In the movie, which is set in the somewhat distant future, the Earth has become devoid of trees and grass. How it got that way is not explained, aside from some comments about the lack of a blue sky and a constant temperature in all parts of the world. Several large spaceships, equipped with gigantic transparent domes, carry what’s left of the forests and their wildlife into the relative safety of space until such time as they can assist in the reforestation of the planet. One of those ships is the Valley Forge.

The Valley Forge’s crew has been waiting for the signal to return home for eight years. So, when news that an important transmission is forthcoming begins to circulate, the crew believes that the time has finally come. The caretaker of the forest domes on the Valley Forge, Freeman Lowell (Bruce Dern), has hopes to be the project manager on the reforestation of Earth. His crewmates, however, aren’t expecting that he’ll get such an honor.
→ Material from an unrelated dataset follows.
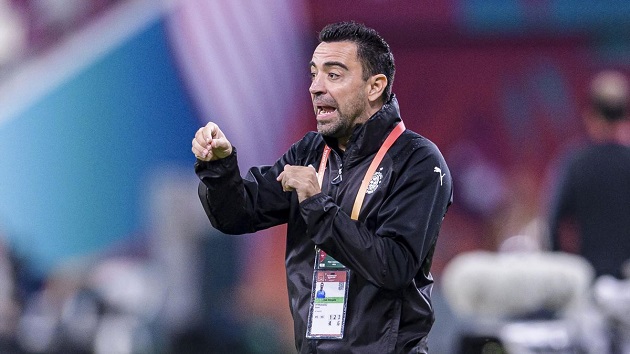 Thứ nhất, Victor Font từng tuyên bố muốn biến huyền thoại Xavi trở thành Sir Alex Ferguson của Barca.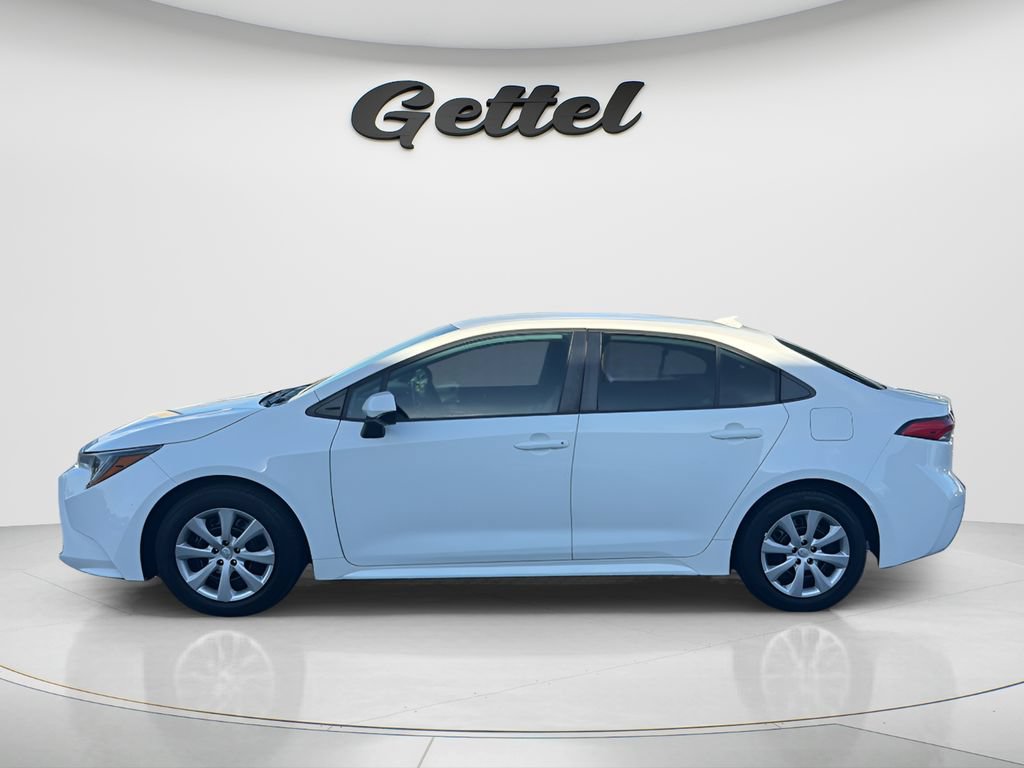 Used 2020 Toyota Corolla LE FWD image 8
In fact, they doubt that such a reforestation will ever occur. They think that if such a thing were destined to happen, the signal to return home would have arrived much sooner. They believe that humanity has lost interest in such things and that Lowell’s hope for the Earth is misguided.

Lowell tends to the forest and gardens of the Valley Forge with great care. When the rest of the crew eats the standard issue processed food from the ship’s mess hall, he chastises them for eating “crap” as he eats the fruits and vegetables he’s grown in the dome. He gets angry when they step on the flowers he’s planted. And, when that long-awaited transmission orders the ship to jettison and detonate the forest domes and return home, Lowell decides that he can’t let that happen.

Audiences raised on pseudo-science fiction fare like The Matrix and Iron Man will find Silent Running to be a complete snooze-fest. There are no action sequences. No thrilling CGI effects. No clearly defined good and evil characters. And, for me, that’s a good thing. The story is relatively simple – perhaps a little too simple – but it is told with conviction and I appreciate that.

The special effects are relatively crude — aside from the Drones, the robot helpers the crew uses to assist with the maintenance of the ship — and the soundtrack is quite dated, with Joan Baez warbling on about the “earth between our toes,” but the simplistic tale of a man who tries to defend that which is defenseless is refreshingly succinct in an age where most movies seem to go out of their way to be overly confusing.